- ACTION ITEM -
Apart from the pictures, every line below needs to be reproduced verbatim.

- DATASET EXCERPT -
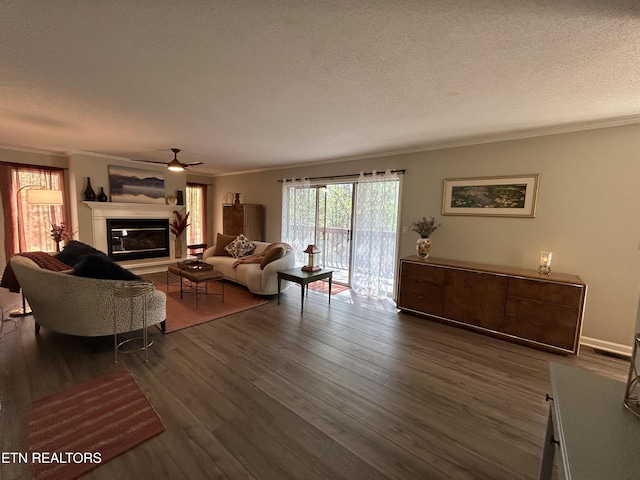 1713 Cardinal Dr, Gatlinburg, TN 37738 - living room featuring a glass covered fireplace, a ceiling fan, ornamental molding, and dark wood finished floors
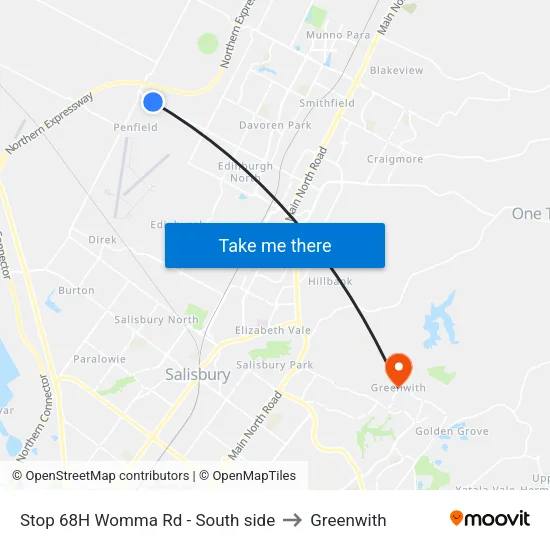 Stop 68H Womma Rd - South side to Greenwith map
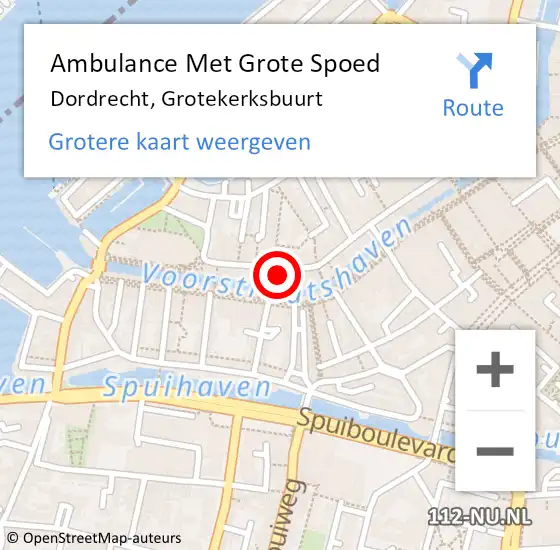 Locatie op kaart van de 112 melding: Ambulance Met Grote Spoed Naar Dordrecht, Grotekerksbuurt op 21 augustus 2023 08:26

- REPLY TO THE EXERCISE -
 1713 Cardinal Dr, Gatlinburg, TN 37738 - living room featuring a glass covered fireplace, a ceiling fan, ornamental molding, and dark wood finished floors
 Stop 68H Womma Rd - South side to Greenwith map
 Locatie op kaart van de 112 melding: Ambulance Met Grote Spoed Naar Dordrecht, Grotekerksbuurt op 21 augustus 2023 08:26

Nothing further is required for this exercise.